Many people evacuated, but thousands chose to shelter in place. DeSantis said Florida officials had so far contacted 20,000 people who chose to stay.
At least 12 people have been confirmed dead, according to local officials, the majority of them in Charlotte county.
DeSantis has warned that it was too early to give a death toll, and that concrete information about casualty numbers could be expected over several days.
The NHC has issued a hurricane warning for South Carolina’s entire coast, as well as portions of Georgia and North Carolina.
Ian then is set to weaken fast and “dissipate near the North Carolina/Virginia border by Saturday night,” the NHC said.
Fort Myers, where Ian came ashore as a powerful Category 4 hurricane on Wednesday, took much of the brunt, as streets became rivers and seawater poured into houses.
Dozens of boats moored in the marina were sunk while others were tossed onto downtown streets.
DeSantis described the destruction as a “500-year flood event.”
Tom Johnson of Fort Myers had a front row seat for the chaos from his apartment on the second floor of a two-story harbourside building.
“I was scared because I’ve never been through that,” the 54-year-old told AFP. “It was just the most horrifying sounds with debris flying everywhere, doors flying off.”
His home was undamaged but one of his neighbors, Janelle Thil, was not so lucky and had to ask other residents for help after her ground floor apartment began to flood.
“They got my dogs and then I jumped out of the window and swam,” the 42-year-old said.
When Thil returned to her apartment after the storm passed, she said she opened the door and “had to wait about five minutes for all the floodwaters to come out.”
“I loved my home,” she said. “But I’m alive and that’s what matters.”
A US Coast Guard official said helicopter crews were plucking people from the rooftops of homes inundated by floodwaters.
Millions without power
Seventeen migrants were missing from a boat that sank during the hurricane on Wednesday, with one person found dead and nine others rescued, the Coast Guard said.

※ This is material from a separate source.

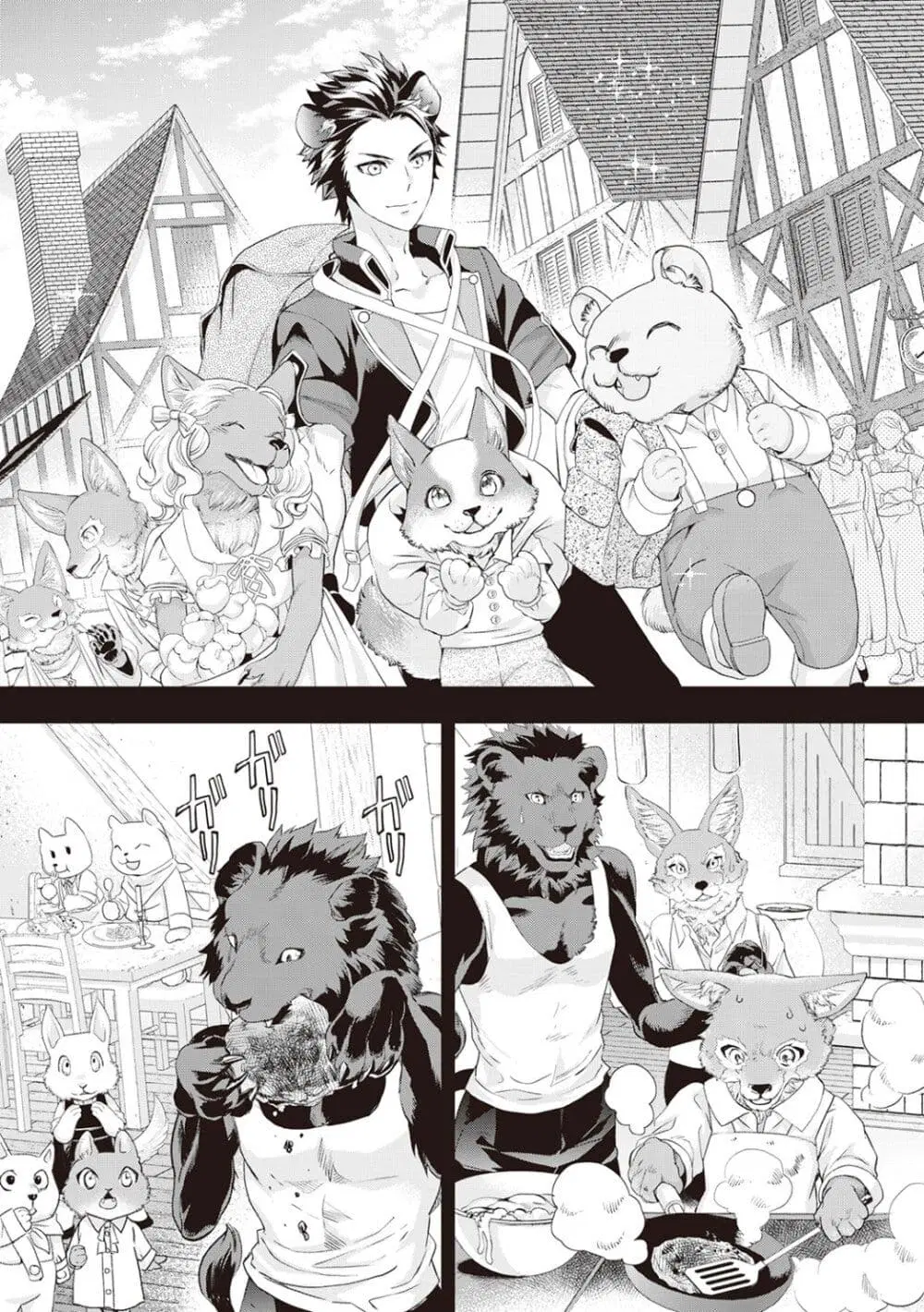 Reijou wa Mattari wo Goshomou ตอนที่ 11 หน้า 3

Among them were four Cubans who swam to shore in the Florida Keys.
Much of Florida’s southwest coast was plunged into darkness after the storm wiped out power.

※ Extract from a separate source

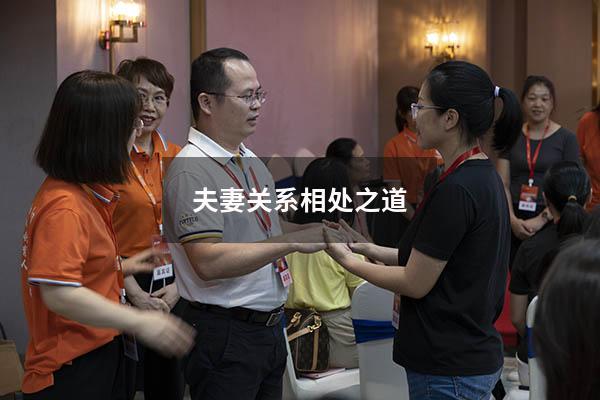 夫妻关系相处之道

Tracking website PowerOutage.us said two million homes and businesses remained without electricity in the Sunshine State on Friday.
Two barrier islands near Fort Myers, Pine Island and Sanibel Island, popular with vacationers, were essentially cut off when the storm damaged causeways to the mainland.
Before pummeling Florida, Ian plunged all of Cuba into darkness after downing the island’s power network.
Electricity was gradually returning, but many homes remain without power.
Laura Mujica joined dozens of Cuban women gathered in the capital Havana on Thursday to demand electricity be restored in the city.
“We took to the street, because we haven’t had electricity for several days and we are tired of it.
“We women decided to take to the streets to empower ourselves and protest so that the electricity will be fixed,” said the 20-year-old.
Human-induced climate change is resulting in more severe weather events across the globe, scientists say — including with Ian.
According to a rapid and preliminary analysis, human-caused climate change increased the extreme rain that Ian unleashed by over 10 percent, US scientists said.